Ai giovanissimi, Uri Orlev è capace di narrare la guerra e l’Olocausto (Shoah) con l’appassionante ritmo dell’avventura e persino, talvolta, con il velo dell’umorismo. Così, in I soldatini di piombo, del 1956, i protagonisti Yurek e Kazik sono due fratellini ebrei cui la furia nazista strappa parenti e amici. In un mondo che si disfa sotto i colpi dell’odio e della violenza, l’unico elemento stabile sembra essere il loro gioco preferito, quello dei soldatini di piombo, metafora di un’innocenza che vorrebbe resistere all’avanzata dell’orrore.
In La bestia d’ombra (1976), lo scrittore affronta le paure dei bambini, i quali spesso prima di dormire controllano che sotto il letto non sia nascosto alcun mostro, frutto della loro fantasia. Se c’è la guerra, però, può darsi che celata nell’ombra vi sia davvero una creatura oscura, una specie di bestia spaventosa con cui tuttavia si può comunicare.
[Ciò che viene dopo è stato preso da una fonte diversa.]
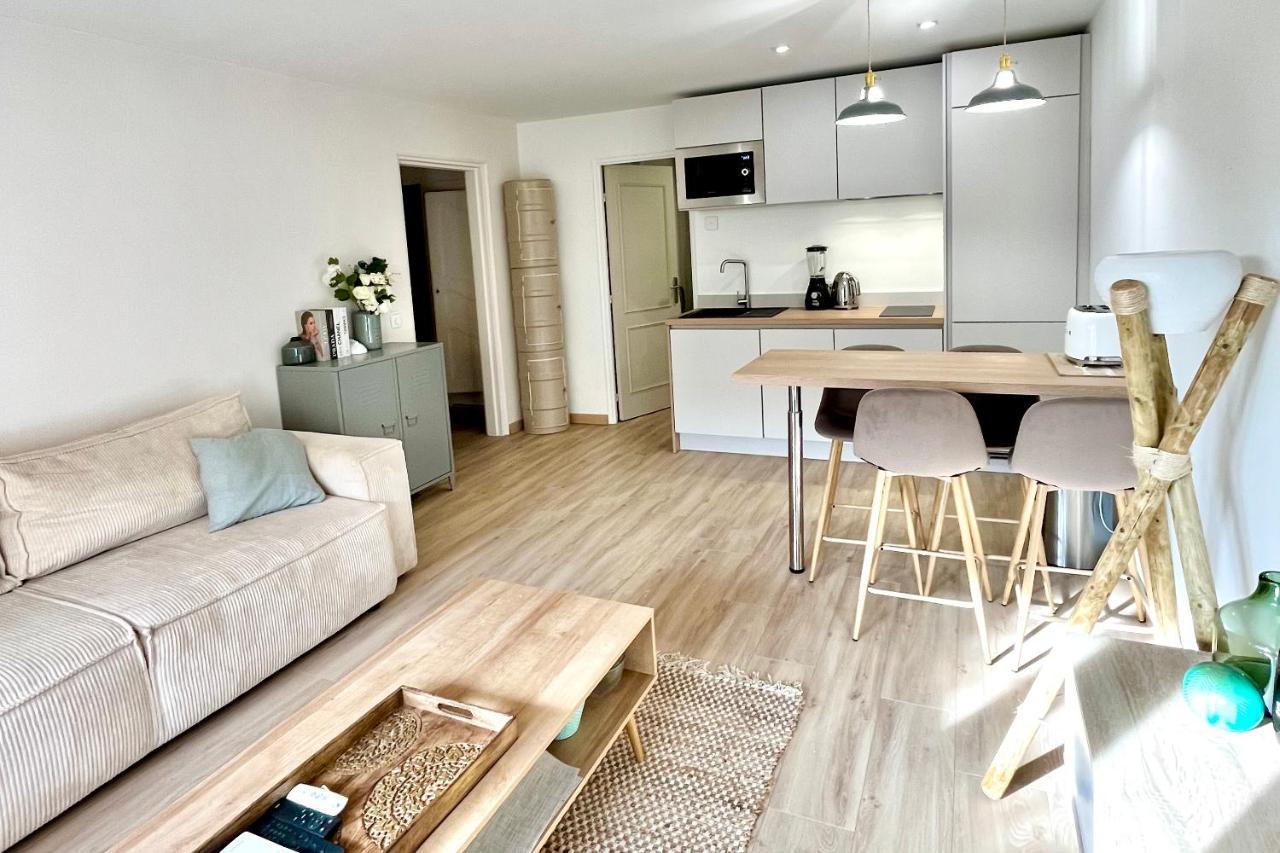 Magnifique 2 Chambres Terrasse Et Parking Saint-Tropez Exterior photo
Con l’aiuto materno, il protagonista finisce per scoprire che ciascuno ha i propri timori: se i bambini israeliani sognano di essere rincorsi da un arabo, di contro i bambini arabi paventano di essere rincorsi da un israeliano.
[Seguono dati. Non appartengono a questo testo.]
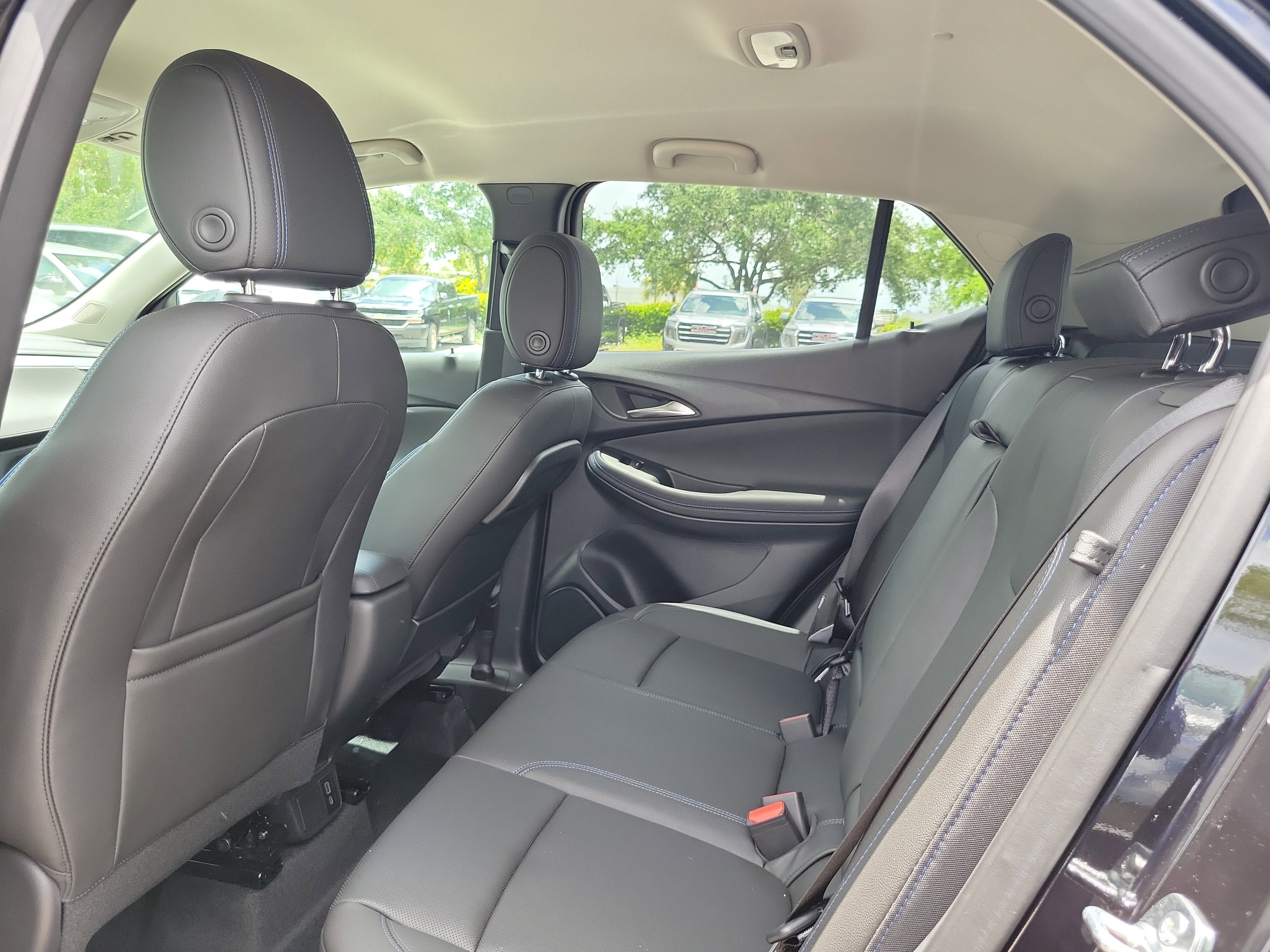New 2026 Buick Encore GX Sport Touring w/ Comfort Package FWD image 6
Del sentirsi più o meno in gamba parla invece Com’è difficile essere un leone (1979) in cui il protagonista, che è stato trasformato in grande felino da un ex mago dalle sembianze di cane, non riesce a sentirsi a proprio agio né in Africa, né esibito in un baraccone, né sotto i riflettori della televisione americana.
L’isola in via degli Uccelli (1981) – forse il maggior successo di Orlev – è ambientato nel ghetto di Varsavia che l’autore conobbe assai bene. Qui il suo alter ego Alex ha undici anni; il padre viene prelevato dalle SS e la madre scompare, lasciandolo solo in un edificio in parte distrutto da una bomba. In alto, fra i tetti, Alex si sente naufrago e il suo rifugio non è poi tanto diverso dall’isola di Robinson Crusoe. Venerdì è un topolino bianco, che partecipa con lui alla lotta contro il freddo e gli stenti, mentre giù per strada i coetanei non ebrei possono uscire e andare a scuola in libertà.
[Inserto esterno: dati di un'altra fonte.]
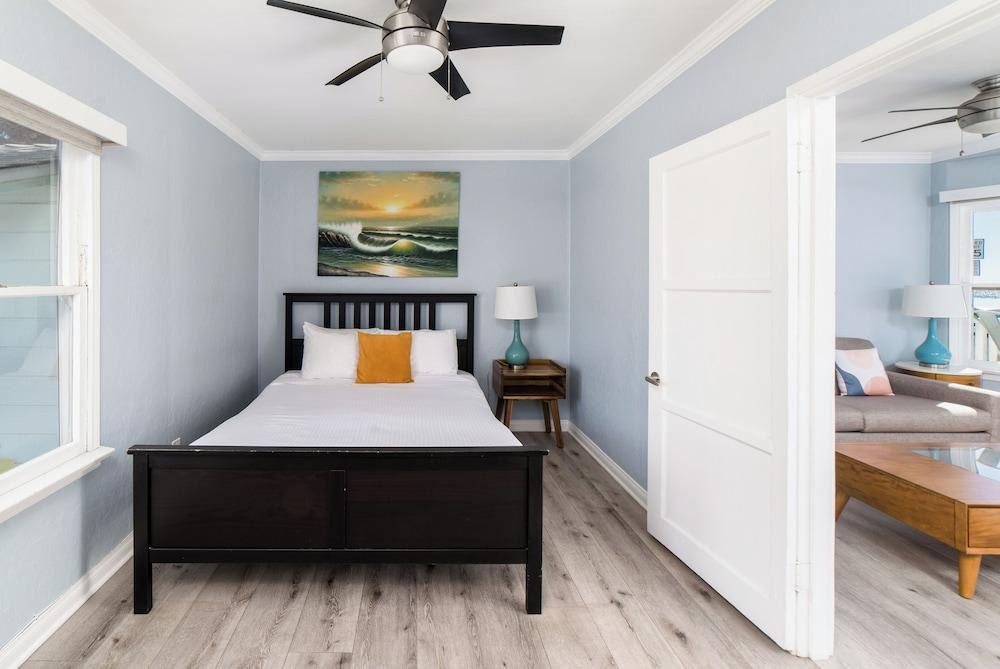 Pacific Bungalow photo 22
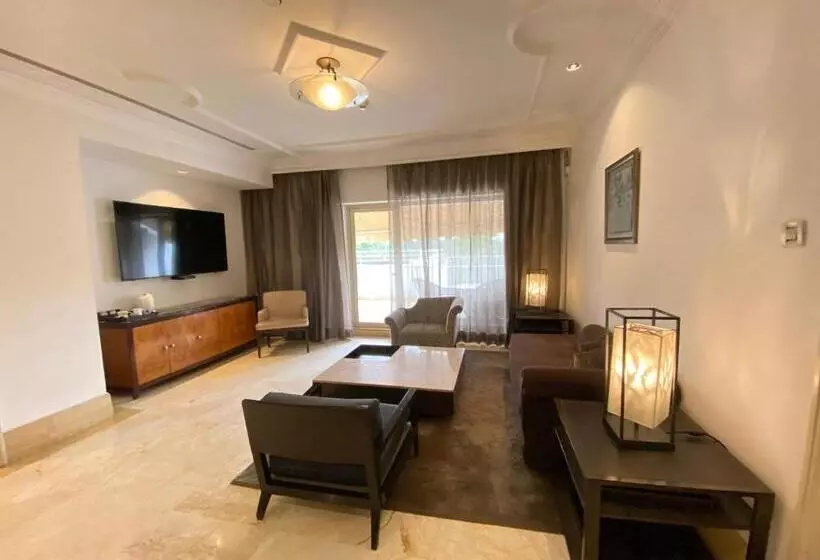 Fotos del hotel The Claridges New Delhi:  17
Anche in Corri ragazzo, corri del 2001, ispirato alla vera storia di Yoram Friedman un ragazzo scampato alla persecuzione, lo scenario è quello del nazismo in Polonia. A otto anni il protagonista perde la madre, e le ultime parole del padre ucciso sono: «Ti ordino di sopravvivere». Perciò egli fugge dal ghetto di Varsavia e si unisce a una banda di ragazzi. Quindi trova riparo presso contadini; chi generoso, chi infido. Perde un braccio perché un medico si rifiuta di curarlo in quanto ebreo. In nome della determinazione a salvarsi, Yoram giunge quasi a cancellare il passato, persino la propria identità di ebreo.